Data provided -
Segment Open
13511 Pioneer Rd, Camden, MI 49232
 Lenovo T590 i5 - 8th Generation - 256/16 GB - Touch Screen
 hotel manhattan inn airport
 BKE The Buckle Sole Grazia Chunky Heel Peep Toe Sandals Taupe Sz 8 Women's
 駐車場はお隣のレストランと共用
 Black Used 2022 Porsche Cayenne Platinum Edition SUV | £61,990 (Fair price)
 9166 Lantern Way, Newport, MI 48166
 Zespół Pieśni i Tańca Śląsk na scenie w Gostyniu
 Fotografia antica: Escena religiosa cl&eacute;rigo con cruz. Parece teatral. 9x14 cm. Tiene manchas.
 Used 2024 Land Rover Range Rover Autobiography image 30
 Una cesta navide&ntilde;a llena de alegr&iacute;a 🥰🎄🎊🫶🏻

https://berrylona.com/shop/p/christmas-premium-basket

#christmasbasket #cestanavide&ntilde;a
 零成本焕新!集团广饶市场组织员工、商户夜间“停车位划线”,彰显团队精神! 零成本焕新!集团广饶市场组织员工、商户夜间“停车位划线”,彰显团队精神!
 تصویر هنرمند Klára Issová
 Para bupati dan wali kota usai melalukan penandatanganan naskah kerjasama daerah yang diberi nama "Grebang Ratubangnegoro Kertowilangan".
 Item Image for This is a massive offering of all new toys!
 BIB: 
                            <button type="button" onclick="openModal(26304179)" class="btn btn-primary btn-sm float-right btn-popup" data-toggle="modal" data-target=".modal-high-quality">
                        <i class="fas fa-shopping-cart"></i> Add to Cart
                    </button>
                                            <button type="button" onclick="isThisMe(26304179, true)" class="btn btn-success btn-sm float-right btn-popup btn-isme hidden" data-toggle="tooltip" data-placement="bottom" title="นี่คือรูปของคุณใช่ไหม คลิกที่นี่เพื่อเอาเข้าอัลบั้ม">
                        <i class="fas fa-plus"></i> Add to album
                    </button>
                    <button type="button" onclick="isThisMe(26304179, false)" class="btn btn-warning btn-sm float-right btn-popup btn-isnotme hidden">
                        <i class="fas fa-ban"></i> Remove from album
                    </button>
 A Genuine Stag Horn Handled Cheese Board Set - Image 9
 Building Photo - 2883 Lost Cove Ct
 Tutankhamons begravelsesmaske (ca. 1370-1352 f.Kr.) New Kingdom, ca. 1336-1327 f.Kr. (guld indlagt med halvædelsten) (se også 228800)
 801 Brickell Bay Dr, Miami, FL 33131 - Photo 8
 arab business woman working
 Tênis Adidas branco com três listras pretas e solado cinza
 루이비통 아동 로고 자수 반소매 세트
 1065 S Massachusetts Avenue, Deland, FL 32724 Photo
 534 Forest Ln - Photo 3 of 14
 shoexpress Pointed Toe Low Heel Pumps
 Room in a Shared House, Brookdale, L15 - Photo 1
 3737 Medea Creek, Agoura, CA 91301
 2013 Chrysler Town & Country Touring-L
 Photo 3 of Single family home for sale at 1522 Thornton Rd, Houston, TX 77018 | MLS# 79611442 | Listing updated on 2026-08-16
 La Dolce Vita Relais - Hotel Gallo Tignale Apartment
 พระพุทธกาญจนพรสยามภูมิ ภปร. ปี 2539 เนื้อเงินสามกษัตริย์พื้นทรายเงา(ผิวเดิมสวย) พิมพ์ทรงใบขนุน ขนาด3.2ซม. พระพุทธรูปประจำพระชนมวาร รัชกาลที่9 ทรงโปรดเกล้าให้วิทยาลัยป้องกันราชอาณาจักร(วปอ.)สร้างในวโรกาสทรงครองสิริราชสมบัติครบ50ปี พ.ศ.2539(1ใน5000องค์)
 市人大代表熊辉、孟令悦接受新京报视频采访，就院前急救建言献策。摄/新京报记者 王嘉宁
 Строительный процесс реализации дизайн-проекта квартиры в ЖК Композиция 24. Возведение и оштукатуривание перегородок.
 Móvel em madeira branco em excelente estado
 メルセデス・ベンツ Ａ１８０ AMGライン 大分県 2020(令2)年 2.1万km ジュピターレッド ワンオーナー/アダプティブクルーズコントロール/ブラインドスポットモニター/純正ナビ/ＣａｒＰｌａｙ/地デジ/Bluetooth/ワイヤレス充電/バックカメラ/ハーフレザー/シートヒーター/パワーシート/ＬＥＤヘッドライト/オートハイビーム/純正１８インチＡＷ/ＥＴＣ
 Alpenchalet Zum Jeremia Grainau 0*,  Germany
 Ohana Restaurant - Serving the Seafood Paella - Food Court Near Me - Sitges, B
Segment Closed
What is required -
Please transcribe each of the entries, exactly as written.

Exercise answer -
13511 Pioneer Rd, Camden, MI 49232
 Lenovo T590 i5 - 8th Generation - 256/16 GB - Touch Screen
 hotel manhattan inn airport
 BKE The Buckle Sole Grazia Chunky Heel Peep Toe Sandals Taupe Sz 8 Women's
 駐車場はお隣のレストランと共用
 Black Used 2022 Porsche Cayenne Platinum Edition SUV | £61,990 (Fair price)
 9166 Lantern Way, Newport, MI 48166
 Zespół Pieśni i Tańca Śląsk na scenie w Gostyniu
 Fotografia antica: Escena religiosa cl&eacute;rigo con cruz. Parece teatral. 9x14 cm. Tiene manchas.
 Used 2024 Land Rover Range Rover Autobiography image 30
 Una cesta navide&ntilde;a llena de alegr&iacute;a 🥰🎄🎊🫶🏻

https://berrylona.com/shop/p/christmas-premium-basket

#christmasbasket #cestanavide&ntilde;a
 零成本焕新!集团广饶市场组织员工、商户夜间“停车位划线”,彰显团队精神! 零成本焕新!集团广饶市场组织员工、商户夜间“停车位划线”,彰显团队精神!
 تصویر هنرمند Klára Issová
 Para bupati dan wali kota usai melalukan penandatanganan naskah kerjasama daerah yang diberi nama "Grebang Ratubangnegoro Kertowilangan".
 Item Image for This is a massive offering of all new toys!
 BIB: 
                            <button type="button" onclick="openModal(26304179)" class="btn btn-primary btn-sm float-right btn-popup" data-toggle="modal" data-target=".modal-high-quality">
                        <i class="fas fa-shopping-cart"></i> Add to Cart
                    </button>
                                            <button type="button" onclick="isThisMe(26304179, true)" class="btn btn-success btn-sm float-right btn-popup btn-isme hidden" data-toggle="tooltip" data-placement="bottom" title="นี่คือรูปของคุณใช่ไหม คลิกที่นี่เพื่อเอาเข้าอัลบั้ม">
                        <i class="fas fa-plus"></i> Add to album
                    </button>
                    <button type="button" onclick="isThisMe(26304179, false)" class="btn btn-warning btn-sm float-right btn-popup btn-isnotme hidden">
                        <i class="fas fa-ban"></i> Remove from album
                    </button>
 A Genuine Stag Horn Handled Cheese Board Set - Image 9
 Building Photo - 2883 Lost Cove Ct
 Tutankhamons begravelsesmaske (ca. 1370-1352 f.Kr.) New Kingdom, ca. 1336-1327 f.Kr. (guld indlagt med halvædelsten) (se også 228800)
 801 Brickell Bay Dr, Miami, FL 33131 - Photo 8
 arab business woman working
 Tênis Adidas branco com três listras pretas e solado cinza
 루이비통 아동 로고 자수 반소매 세트
 1065 S Massachusetts Avenue, Deland, FL 32724 Photo
 534 Forest Ln - Photo 3 of 14
 shoexpress Pointed Toe Low Heel Pumps
 Room in a Shared House, Brookdale, L15 - Photo 1
 3737 Medea Creek, Agoura, CA 91301
 2013 Chrysler Town & Country Touring-L
 Photo 3 of Single family home for sale at 1522 Thornton Rd, Houston, TX 77018 | MLS# 79611442 | Listing updated on 2026-08-16
 La Dolce Vita Relais - Hotel Gallo Tignale Apartment
 พระพุทธกาญจนพรสยามภูมิ ภปร. ปี 2539 เนื้อเงินสามกษัตริย์พื้นทรายเงา(ผิวเดิมสวย) พิมพ์ทรงใบขนุน ขนาด3.2ซม. พระพุทธรูปประจำพระชนมวาร รัชกาลที่9 ทรงโปรดเกล้าให้วิทยาลัยป้องกันราชอาณาจักร(วปอ.)สร้างในวโรกาสทรงครองสิริราชสมบัติครบ50ปี พ.ศ.2539(1ใน5000องค์)
 市人大代表熊辉、孟令悦接受新京报视频采访，就院前急救建言献策。摄/新京报记者 王嘉宁
 Строительный процесс реализации дизайн-проекта квартиры в ЖК Композиция 24. Возведение и оштукатуривание перегородок.
 Móvel em madeira branco em excelente estado
 メルセデス・ベンツ Ａ１８０ AMGライン 大分県 2020(令2)年 2.1万km ジュピターレッド ワンオーナー/アダプティブクルーズコントロール/ブラインドスポットモニター/純正ナビ/ＣａｒＰｌａｙ/地デジ/Bluetooth/ワイヤレス充電/バックカメラ/ハーフレザー/シートヒーター/パワーシート/ＬＥＤヘッドライト/オートハイビーム/純正１８インチＡＷ/ＥＴＣ
 Alpenchalet Zum Jeremia Grainau 0*,  Germany
 Ohana Restaurant - Serving the Seafood Paella - Food Court Near Me - Sitges, B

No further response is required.